Salade Lyonnaisey Recipe
This is a riff on the traditional salade lyonnaise, which is a green salad with lardons, croutons, and a poached egg. In our version, pancetta slices replace the lardons, one big crouton steps in for smaller croutons, and the salad is topped off with a little sherry vinegar. This dish is typically served as a starter, but it also works well as a light meal.
What to buy: Purchase high-quality pancetta from a gourmet store or your local butcher and have it cut to order. Otherwise, make your own pancetta and use some of it in this salad.
Game plan: This is one of those salads that you make and eat right away because the warm dressing wilts the greens slightly. If you want to eat it later, you can make the croutons and poached eggs up to 2 days ahead and finish the rest of the recipe when you’re ready. To reheat the poached eggs, place in gently simmering water for a few minutes until heated through.
Also, the fresher the eggs are when you poach them, the better the whites will hold their shape.
This recipe was featured as part of our How to Make Pancetta story.
- 4 (1/2-inch-thick) slices country bread, such as pain au levain or ciabatta
- 3 tablespoons extra-virgin olive oil
- 1 medium garlic clove, peeled
- 4 teaspoons distilled white vinegar
- 4 large eggs
- 4 (1/8-inch-thick) slices pancetta
- 2 heads frisée, washed and torn into large pieces
- 1/4 cup sherry vinegar
- Heat the oven to 350°F. Rub both sides of the bread slices with 1 tablespoon of the olive oil and the garlic clove, and season well with salt and freshly ground black pepper. Place on a baking sheet and toast until golden brown, about 10 minutes.
- Meanwhile, bring about 2 quarts (at least 2 inches) of water to a simmer in a medium pot and add the vinegar. Break each egg into a separate small cup or ramekin. Gently slide the eggs into the simmering water, one at a time. Cook until the whites are just set, about 3 minutes. Lift the eggs out of the water with a slotted spoon. Place in a bowl of warm water to keep warm while finishing the salad.
- Heat a large frying pan over medium-low heat. Cook the pancetta slices until they’re golden brown and crisp on one side, about 5 minutes. Flip and repeat. Remove to a plate lined with paper towels to drain. Discard all but 2 tablespoons of the bacon fat. Add the remaining 2 tablespoons olive oil and warm over low heat. Place frisée in a large bowl and pour the warmed bacon fat and olive oil over it; toss well. Season with salt and freshly ground black pepper.
- Add sherry vinegar to the frying pan and reduce by half, about 3 minutes. Remove from heat.

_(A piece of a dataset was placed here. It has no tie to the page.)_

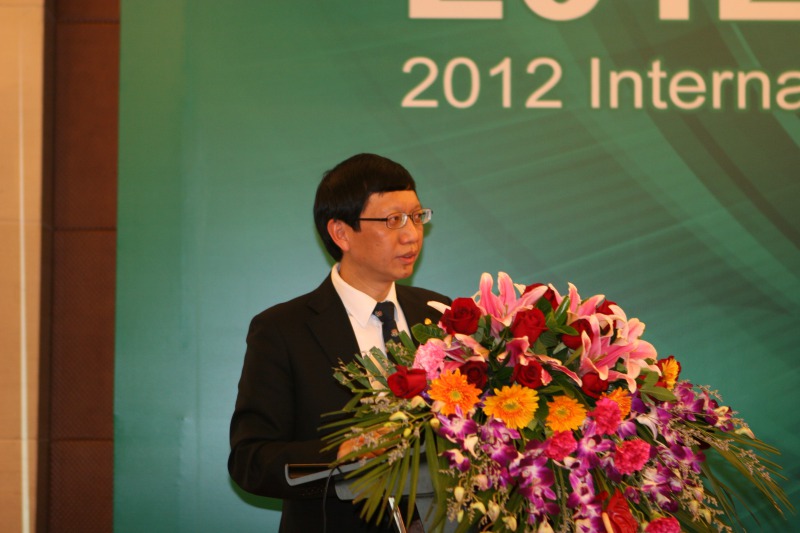 涂善东教授出席2012国际机械工程教育峰会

- Remove the poached eggs from the warm water and blot dry. Divide the frisée among four dishes; top with a slice of crouton toast, a pancetta slice, and a poached egg. Drizzle reduced vinegar over the salads and season well with salt and freshly ground black pepper. Serve immediately.
Beverage pairing: Patient Cottat Sauvignon Blanc, France. This wine from around the region of Sancerre in France is simple and zippy, which makes it a great match for this simple but highly flavorful salad. The high acid and green apple and melon notes will handle the vinegar, while the wine’s pleasantly tangy edge will mollify the bitterness of the frisée and the saltiness of the pancetta.